=== Begin Enclosure ===

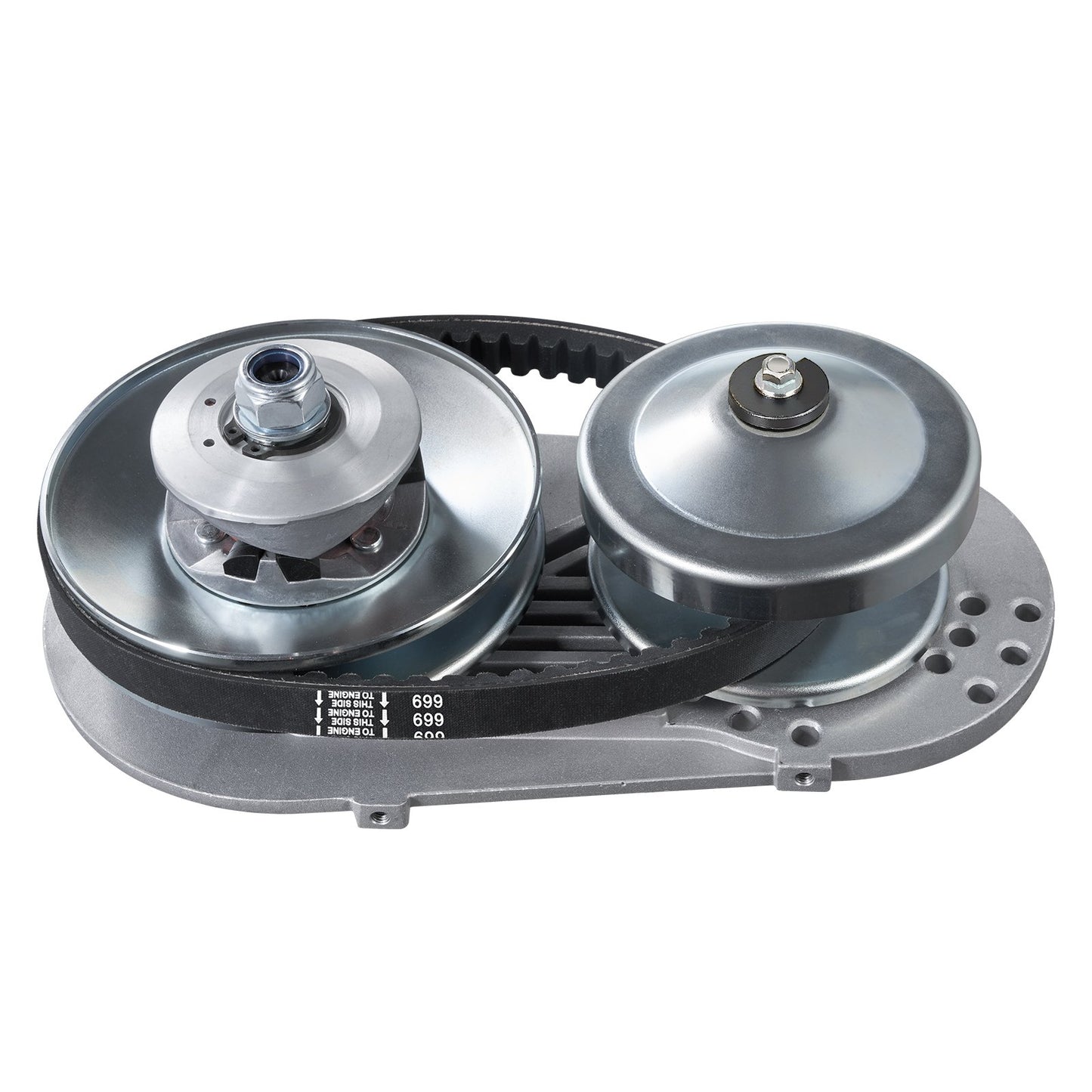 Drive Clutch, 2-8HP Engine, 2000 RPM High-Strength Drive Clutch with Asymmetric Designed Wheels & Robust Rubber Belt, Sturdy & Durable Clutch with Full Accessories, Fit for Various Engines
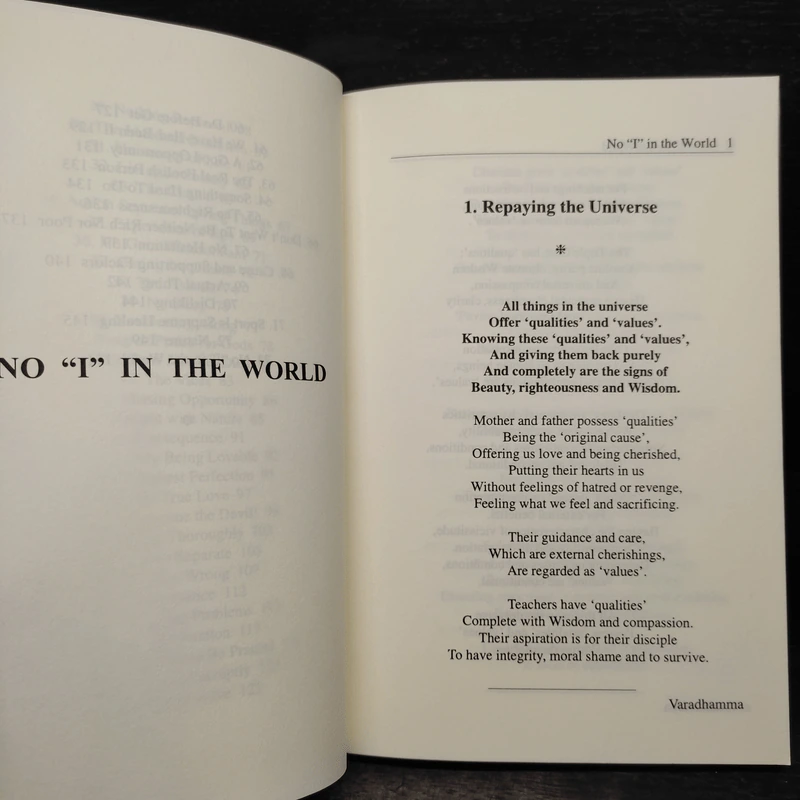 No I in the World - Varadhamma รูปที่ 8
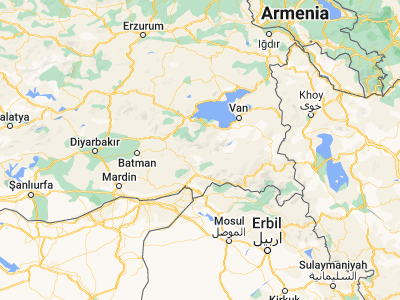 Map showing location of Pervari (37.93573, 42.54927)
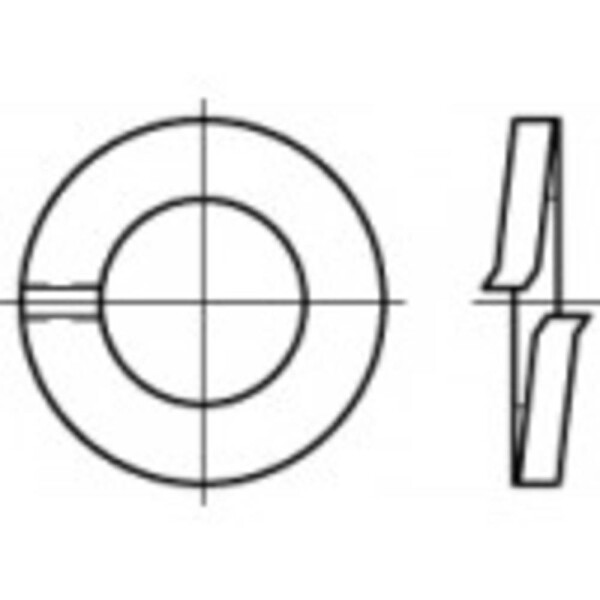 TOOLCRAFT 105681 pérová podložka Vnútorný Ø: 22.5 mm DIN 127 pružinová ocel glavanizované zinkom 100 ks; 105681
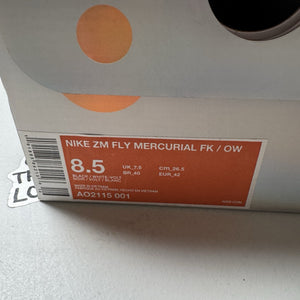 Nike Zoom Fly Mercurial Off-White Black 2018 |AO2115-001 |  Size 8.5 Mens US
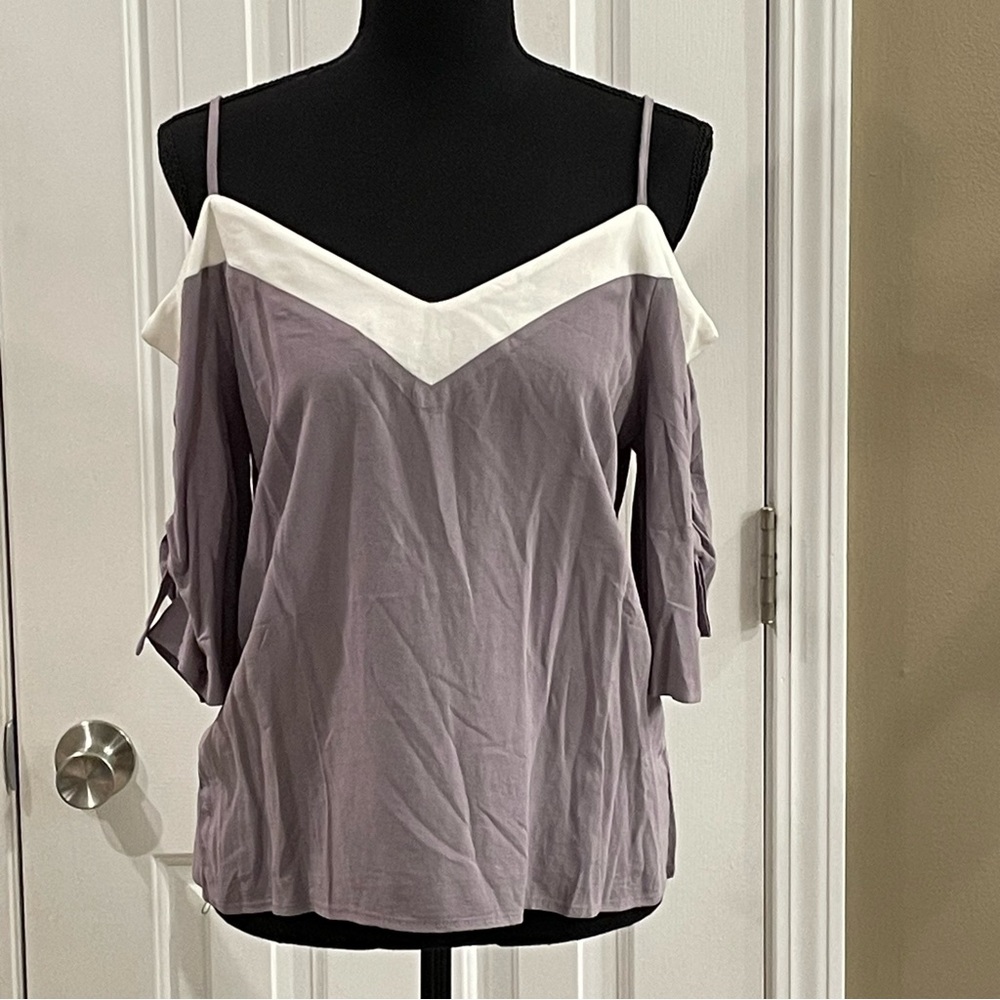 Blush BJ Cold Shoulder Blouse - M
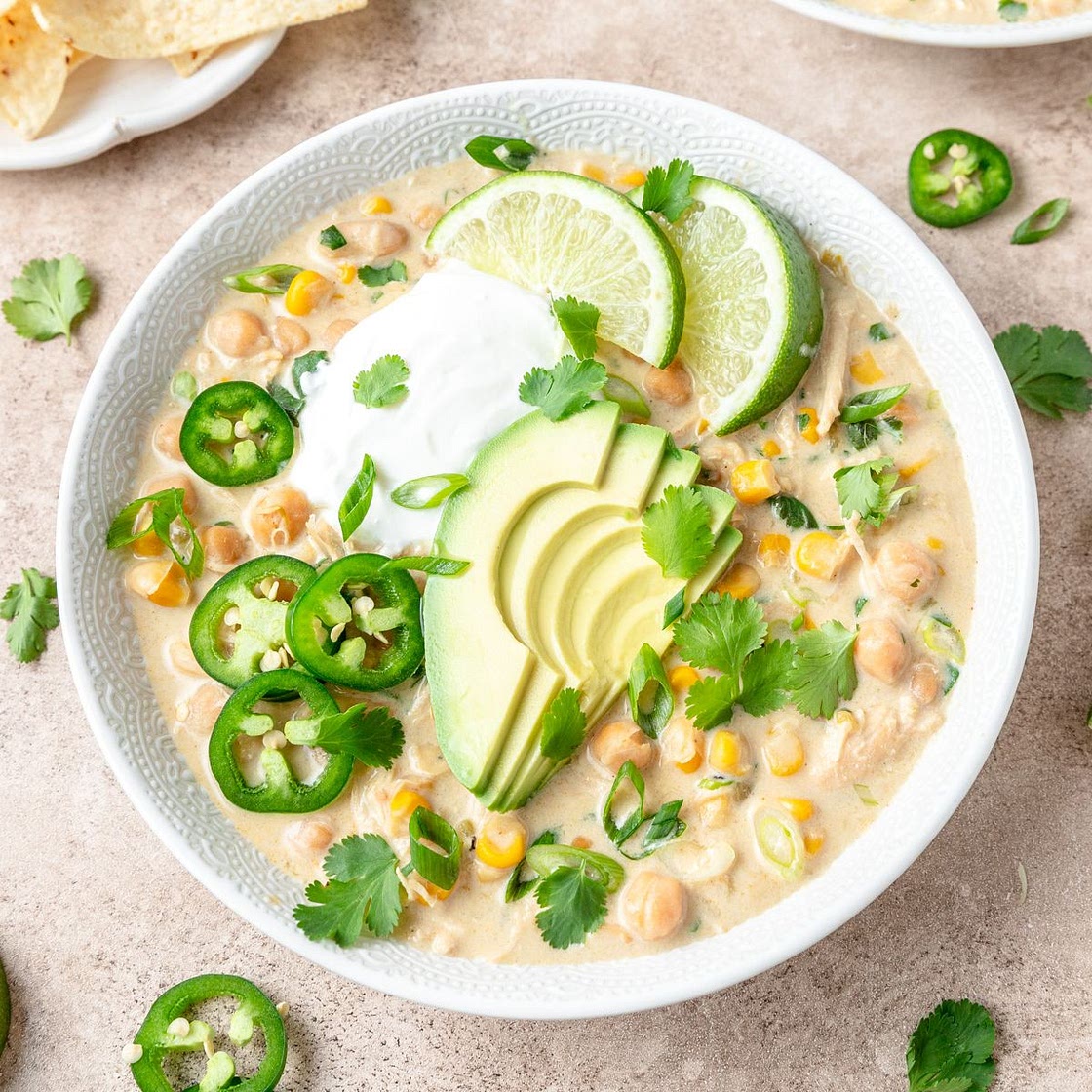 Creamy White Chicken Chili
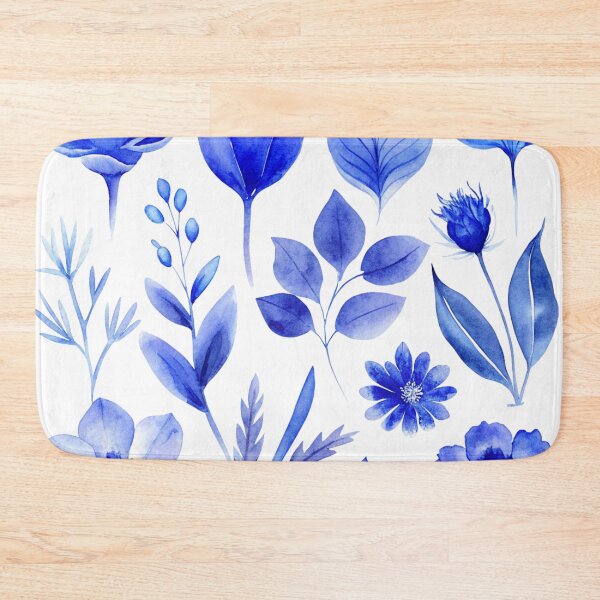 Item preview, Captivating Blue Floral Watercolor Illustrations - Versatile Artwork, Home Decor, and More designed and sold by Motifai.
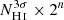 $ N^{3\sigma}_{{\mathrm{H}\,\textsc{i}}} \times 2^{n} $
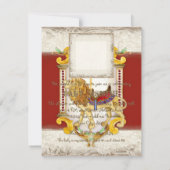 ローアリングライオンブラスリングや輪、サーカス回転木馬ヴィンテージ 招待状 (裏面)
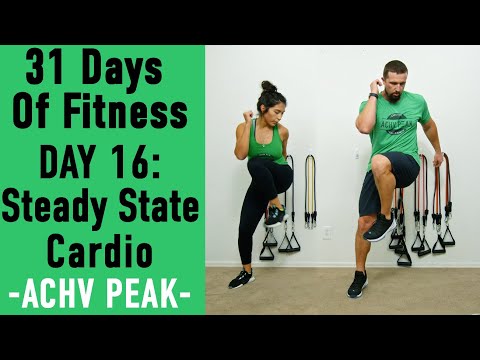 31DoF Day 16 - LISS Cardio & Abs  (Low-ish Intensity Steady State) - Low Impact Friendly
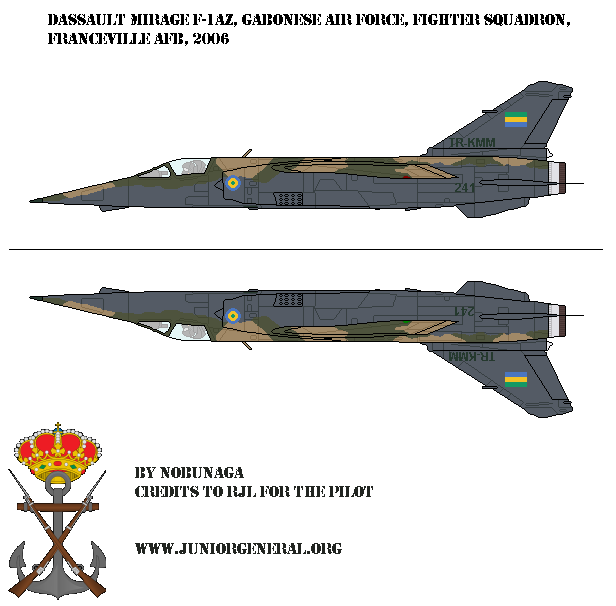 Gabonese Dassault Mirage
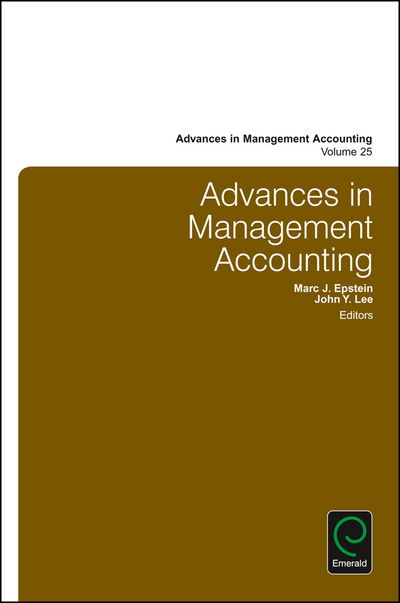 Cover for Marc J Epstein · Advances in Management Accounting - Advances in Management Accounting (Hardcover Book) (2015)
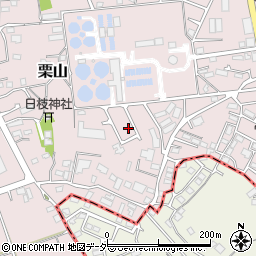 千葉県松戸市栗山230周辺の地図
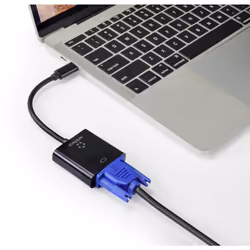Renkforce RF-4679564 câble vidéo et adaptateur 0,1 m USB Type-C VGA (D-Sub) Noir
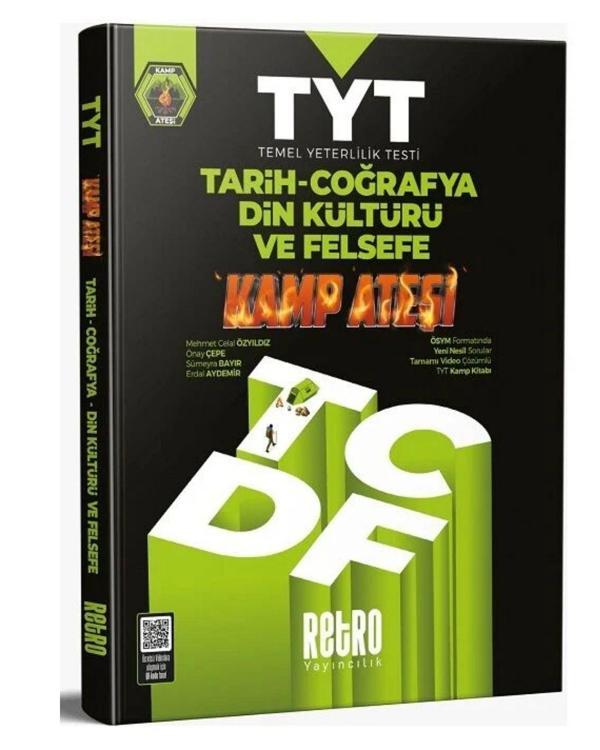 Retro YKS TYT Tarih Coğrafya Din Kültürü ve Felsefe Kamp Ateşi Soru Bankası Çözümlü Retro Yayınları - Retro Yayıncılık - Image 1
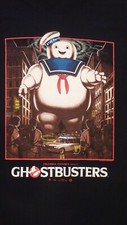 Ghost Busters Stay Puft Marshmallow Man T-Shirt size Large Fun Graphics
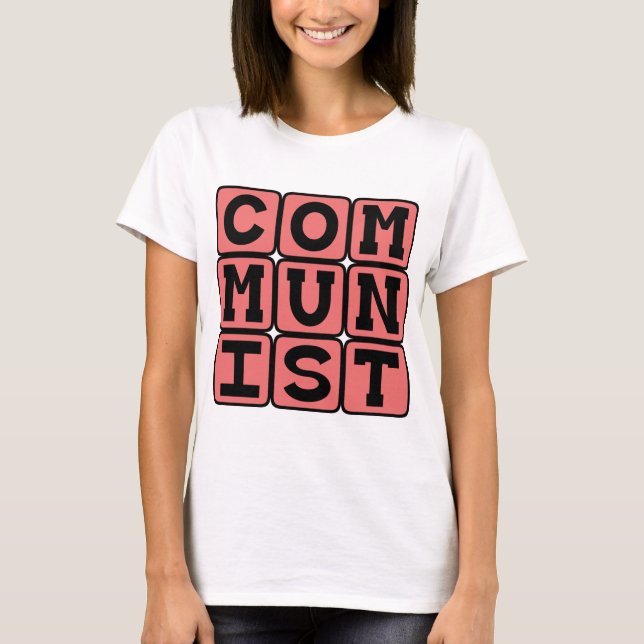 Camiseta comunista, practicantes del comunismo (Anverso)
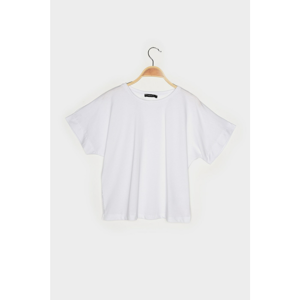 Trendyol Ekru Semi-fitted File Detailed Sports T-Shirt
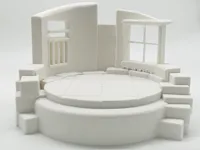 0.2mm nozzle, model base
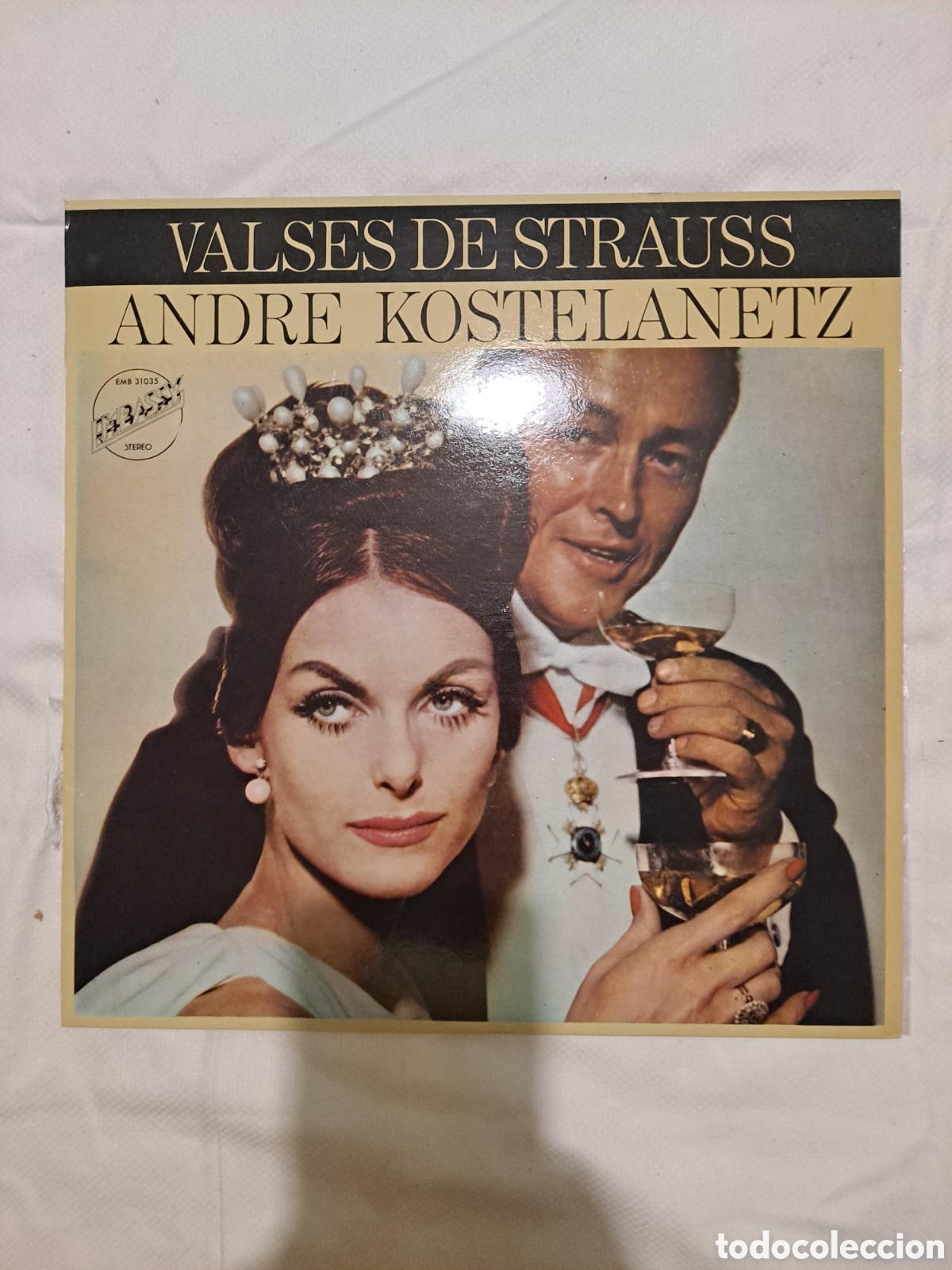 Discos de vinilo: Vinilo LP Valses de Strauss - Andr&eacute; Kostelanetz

=== End Enclosure ===

:: TASK TO CARRY OUT ::
Please copy every record above exactly, but leave the pictures out.

:: RESPONSE AREA ::
 Drive Clutch, 2-8HP Engine, 2000 RPM High-Strength Drive Clutch with Asymmetric Designed Wheels & Robust Rubber Belt, Sturdy & Durable Clutch with Full Accessories, Fit for Various Engines
 No I in the World - Varadhamma รูปที่ 8
 Map showing location of Pervari (37.93573, 42.54927)
 TOOLCRAFT 105681 pérová podložka Vnútorný Ø: 22.5 mm DIN 127 pružinová ocel glavanizované zinkom 100 ks; 105681
 Nike Zoom Fly Mercurial Off-White Black 2018 |AO2115-001 |  Size 8.5 Mens US
 Blush BJ Cold Shoulder Blouse - M
 Creamy White Chicken Chili
 Item preview, Captivating Blue Floral Watercolor Illustrations - Versatile Artwork, Home Decor, and More designed and sold by Motifai.
 $ N^{3\sigma}_{{\mathrm{H}\,\textsc{i}}} \times 2^{n} $
 ローアリングライオンブラスリングや輪、サーカス回転木馬ヴィンテージ 招待状 (裏面)
 31DoF Day 16 - LISS Cardio & Abs  (Low-ish Intensity Steady State) - Low Impact Friendly
 Gabonese Dassault Mirage
 Cover for Marc J Epstein · Advances in Management Accounting - Advances in Management Accounting (Hardcover Book) (2015)
 千葉県松戸市栗山230周辺の地図
Renkforce RF-4679564 câble vidéo et adaptateur 0,1 m USB Type-C VGA (D-Sub) Noir
 Retro YKS TYT Tarih Coğrafya Din Kültürü ve Felsefe Kamp Ateşi Soru Bankası Çözümlü Retro Yayınları - Retro Yayıncılık - Image 1
 Ghost Busters Stay Puft Marshmallow Man T-Shirt size Large Fun Graphics
 Camiseta comunista, practicantes del comunismo (Anverso)
 Trendyol Ekru Semi-fitted File Detailed Sports T-Shirt
 0.2mm nozzle, model base
 Discos de vinilo: Vinilo LP Valses de Strauss - Andr&eacute; Kostelanetz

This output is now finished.